Axios supply chain attack explained

To explain the Axios npm suplly chain attack in non-technical terms, we’ll use an analogy.

Think of a mechanic who orders parts from a supplier they have used for years. The account of that supplier gets hijacked. The next batch of parts looks identical to every previous order, passes every check, and gets installed as normal. But one component has a hidden tracking device inside. The car drives fine, nothing looks wrong, but everything that happens in it is now being sent back to the attacker.

That is essentially what happened here, and the execution was planned roughly 18 hours before it went live to stay under the radar.

The attacker first published a seemingly legitimate package called plain-crypto-js to npm, the public registry where developers pick up ready-made code components. Seeding it early gave the package just enough history to avoid raising red flags with security scanners. Then, in the early hours of March 31st, they used stolen maintainer credentials to publish two backdoored versions of Axios (version 1.14.1 and version 0.30.4) within 39 minutes of each other.

The poisoned versions did not touch Axios’s own code at all. Instead, they quietly added plain-crypto-js as a dependency, a component Axios would automatically pull in during installation. That component ran a script the moment a developer installed Axios, with no prompt, no warning, and no user interaction required.
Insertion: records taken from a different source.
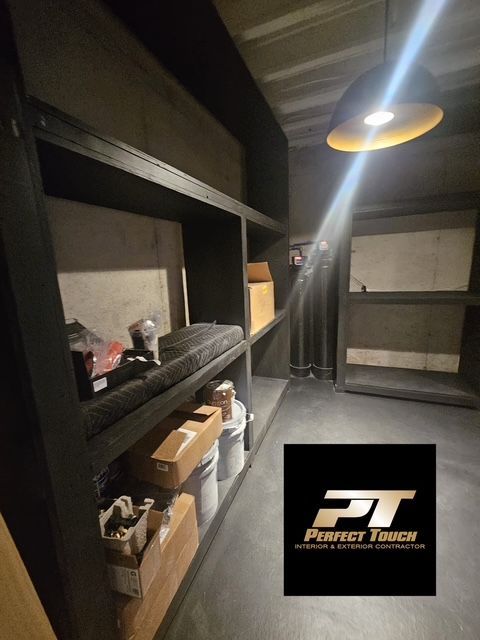 A room with shelves and a perfect touch logo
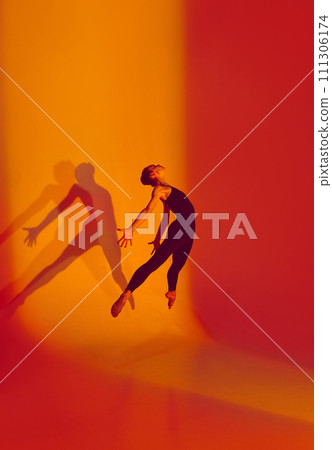 Athletic Beauty in Motion. Portrait of beautiful ballerina dances in black sports overalls, barefoot in neon-lit studio, her movements fluid against gradient background. Athletic Beauty in Motion. Portrait of beautiful ballerina dances in black sports overalls, barefoot in neon-lit studio, her movements fluid against gradient background. 111306174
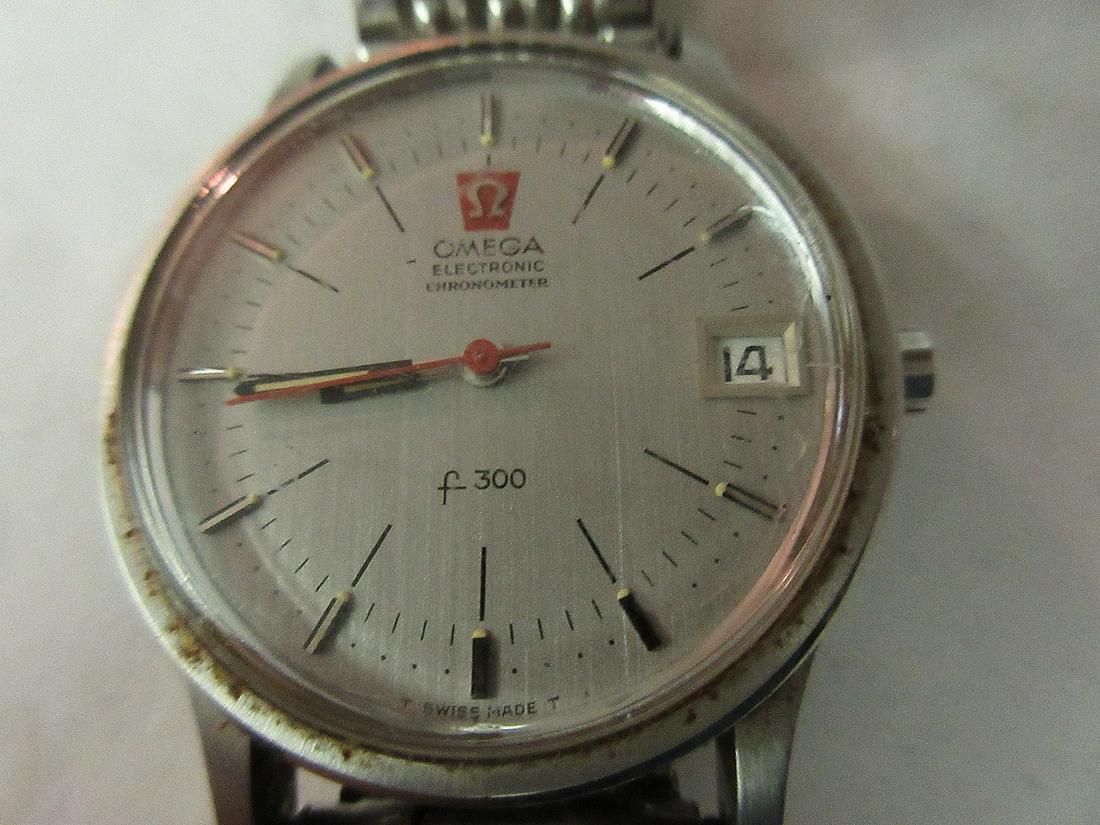 Omega Electronic Chronometer man’s wristwatch: Omega Electronic Chronometer man’s wristwatch. Watch measures 1 3/8". Fits wrist approximately. 8".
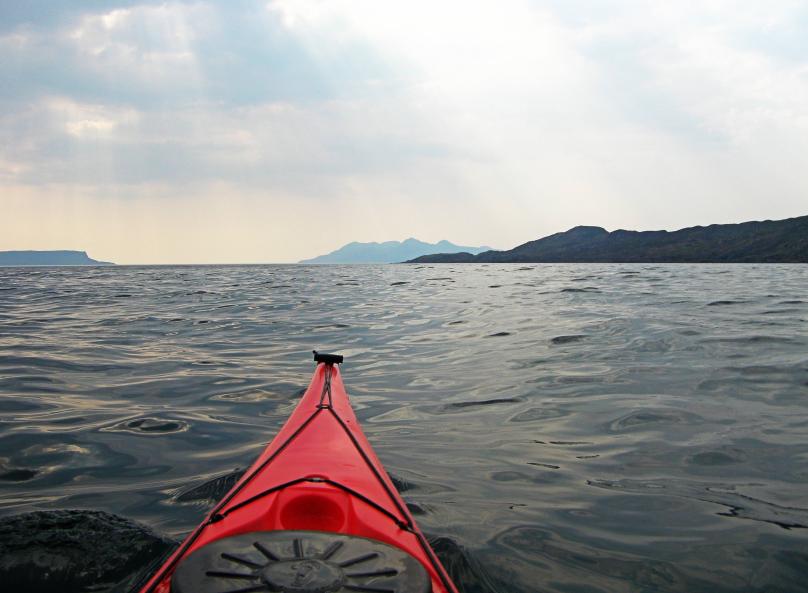 20110429-144301.jpg - Early view of Rum, sneaking out from behind Sleat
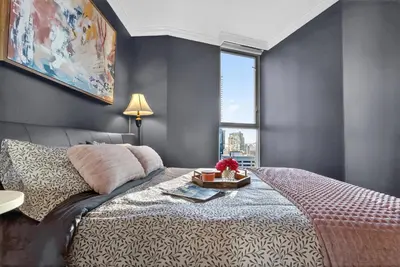 a bedroom with a large bed and a window at Stunning 2BR Apartment with Best Mountain View Downtown in Vancouver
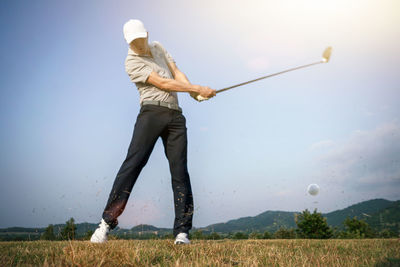 Man playing with ball against sky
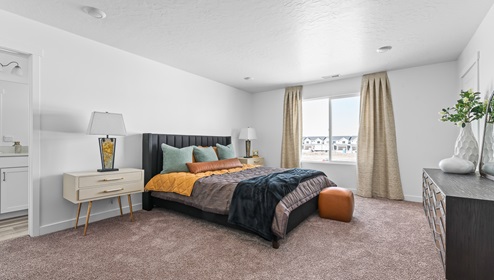 Spacious primary bedroom with a large window.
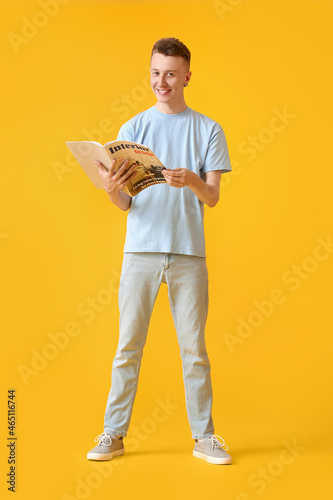 Young man reading magazine ...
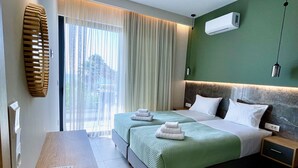 Una camera d'albergo moderna con un letto grande, comodini, una scrivania e una finestra con tende.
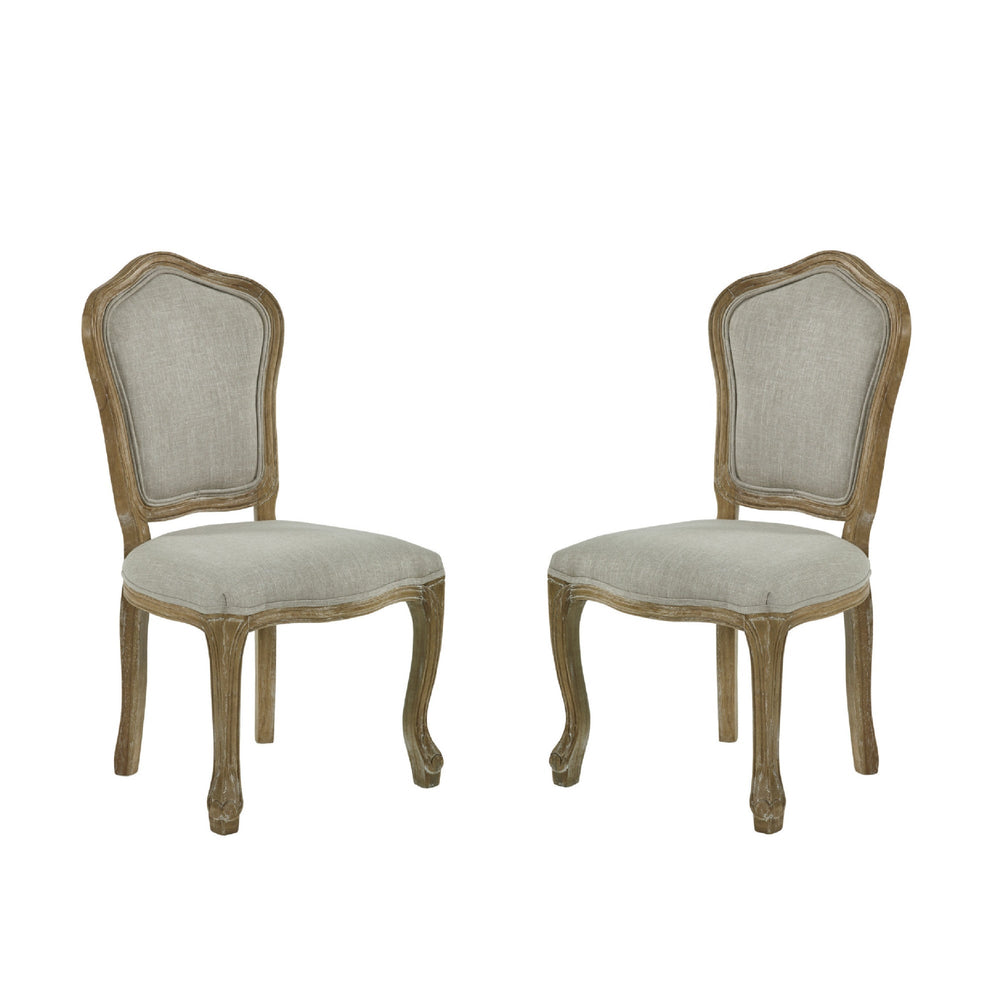 Pair of beige upholstered dining chairs shown front facing on white background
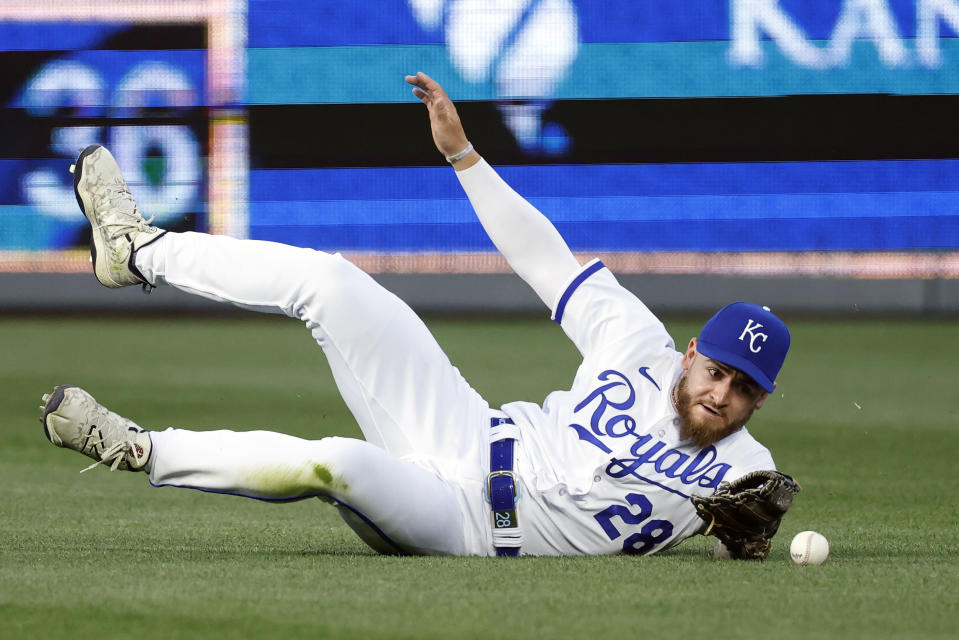 Kansas City Royals center fielder Kyle Isbel is unable to catch a fly ball by Texas Rangers' Ezequiel Duran during the fourth inning of a baseball game in Kansas City, Mo., Tuesday, April 18, 2023. Duran had an RBI single on the play. (AP Photo/Colin E. Braley)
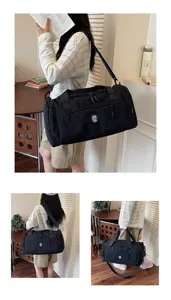 Detailed view of the black travel duffel bag showcasing side pockets and shoulder strap.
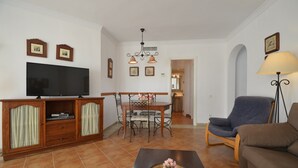 Un salon comprenant un téléviseur, un meuble en bois, une table à manger, des chaises, un canapé, une lampe et un vase à fleurs.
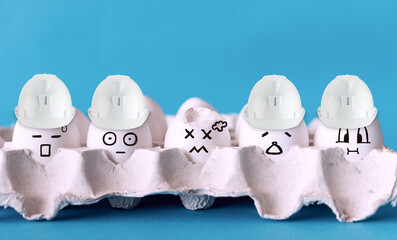 Faces on the eggs, construction protective equipment helmet concept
That script fetched a trojan tailored to the developer’s operating system, Windows, macOS, or Linux, which then connected to an attacker-controlled server and began harvesting whatever credentials it could find: cloud access keys, API tokens, SSH keys, database passwords. Credentials like these give an attacker access to production systems, cloud infrastructure, and codebases far beyond the machine they landed on.

The malware then deleted itself and restored a clean-looking package file. Any inspection after the fact showed nothing wrong, and standard security tools would find nothing. The compromise left no visible trace.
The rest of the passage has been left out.